Monday, 26 May 2014

Don't Let The Lights Be Dimmed

The last 24 hours has been filled with repeated fanfares and breathless TV newspeople proclaiming about the earthquake caused by the increase of the United Kingdom Independence Party's vote in the British stage of the European elections. A group of millionaires and friends of millionaires, funded by a multi-millionaire, have managed to win a 27.5% vote share (on a 34% turnout = 9.5% of eligible voters)  - up from 16.5% last time (on a 35% turnout - 5.8% of eligible voters) and have the biggest grouping of MEPs from the UK in the European Parliament.

But UKIP's historically lazy MEPs are not the real issue - the issue is the attitudes and culture they foster and amplify. And these are ones of manufactured anger and fear of difference; of lies about EU regulations which often are the sole protection for workers and consumers against the big predatory multinational corporations that UKIP loves; and of a willingness to berate and bully their opponents in the name of a twisted democracy.

During the campaign, UKIP candidates successfully had the police visit a Green blogger to have him delete an internet posting about UKIP policy, even although the police themselves admitted no crime had been committed. And then another issued a letter to voters calling for both his opposing candidates and anyone who voted for them to be hanged for treason. If they are like this in opposition, what sort of country will they run if they ever come to power?

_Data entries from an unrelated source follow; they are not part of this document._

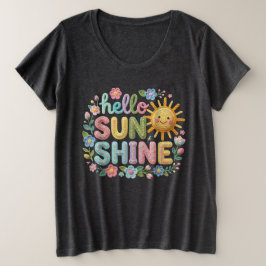 ハローサンシャインのかぎ針編み風フラワー プラスサイズTシャツ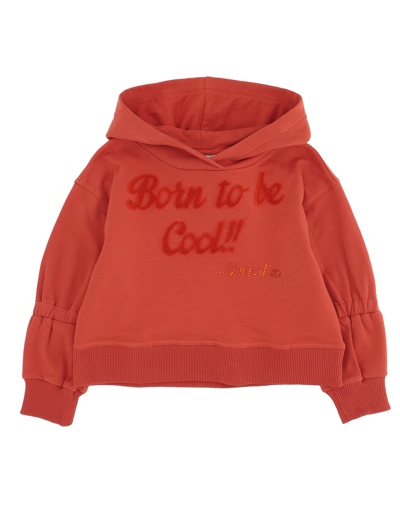 Monnalisa Kids'   "born To Be Cool" Hoodie In Rusty Red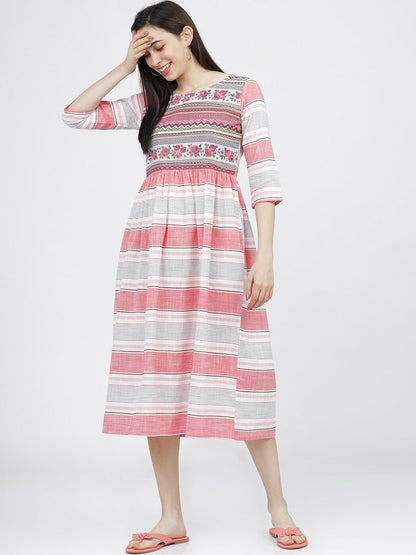 Buy Cream-Coloured Striped Fit & Flare Ethnic Dress Online | Indiaista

And they are not alone. All across Europe in these elections, we have seen the rise of bitterly angry, right-wing eurosceptic parties, perverting the troubles of the poor into a crusade against equally poor migrants while shoring up the real problem - the tax-dodging, austerity-imposing rich. Although Greece has turned more to the leftwing Syriza coalition in response to the neoliberal European Central Bank's savage public spending cuts, the far right has grown there too. Neo-Nazi Golden Dawn has taken one in ten Hellenic votes and there is even talk of an army coup - according to Forbes Magazine the "only half joking" preference of some international financiers.

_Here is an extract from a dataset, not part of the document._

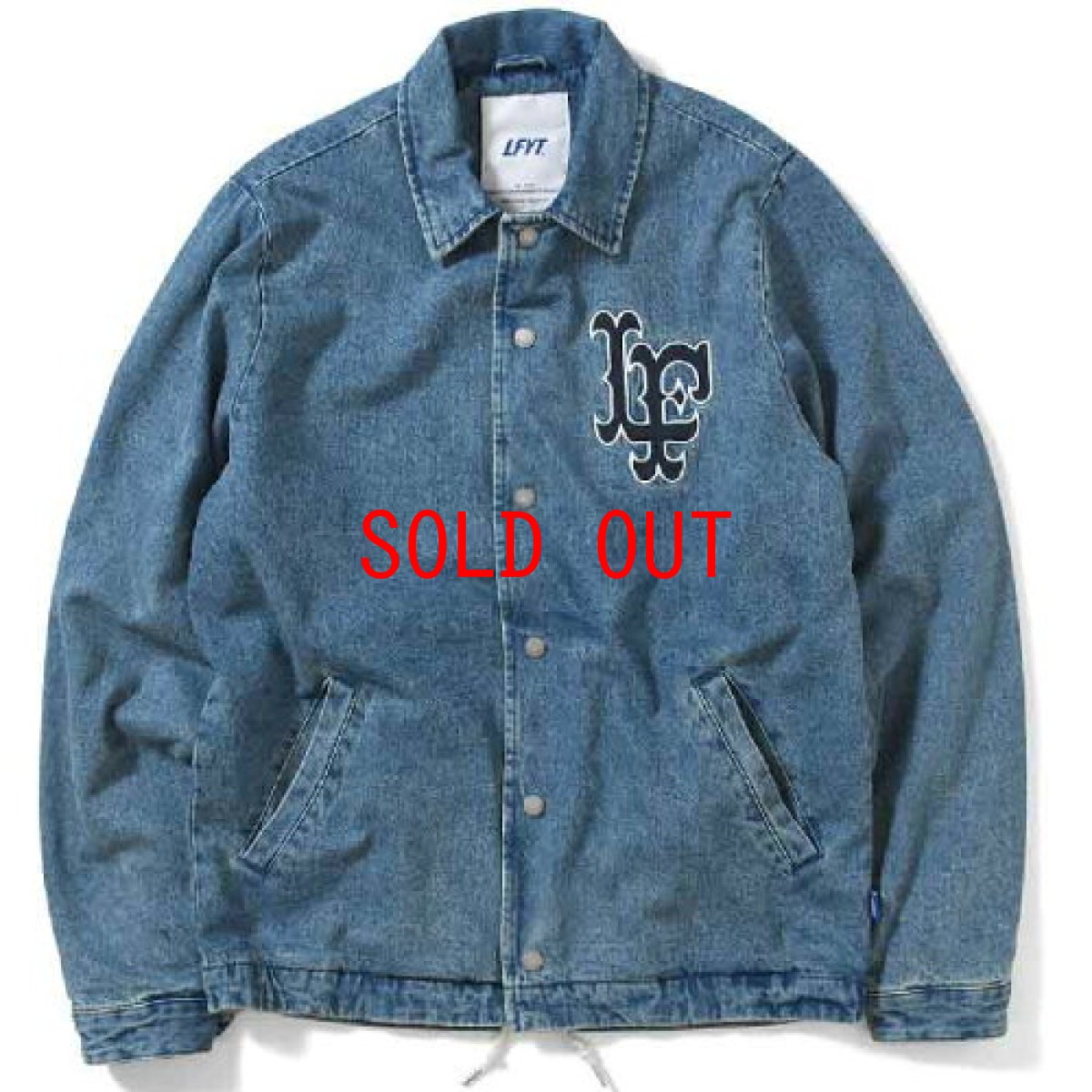 画像1: Logo Washed Denim Coach Jacket コーチ ジャケット by Lafayette ラファイエット  (1)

In France, the Front National under Marine Le Pen has taken first place with a quarter of the vote, wiping out the Greens and pushing the governing socialists into third place. In Denmark, the far right People's Party topped the poll while the extreme-right Jobbik, widely accused of racism and anti-Semitism, finished second in Hungary. In the Netherlands, the Dutch Freedom Party of Geert Wilders' - which plans an alliance with Le Pen - finished joint second in terms of seats. Similarly the far right has performed well in Finland.

All these parties, and similar ones in other EU states, have common themes of taking back their countries, which generally translates into a call to continue with free trade by big business but to do away with laws such as the working time regulations and common product safety standards. This is because these, apparently, destroy the culture of their respective countries. But they don't talk about consumer protection, they talk about bureaucracy; they don't refer to safety in the workplace, but rather decry job-destroying red tape. They use the fears of ordinary people to reinforce the power of the elite.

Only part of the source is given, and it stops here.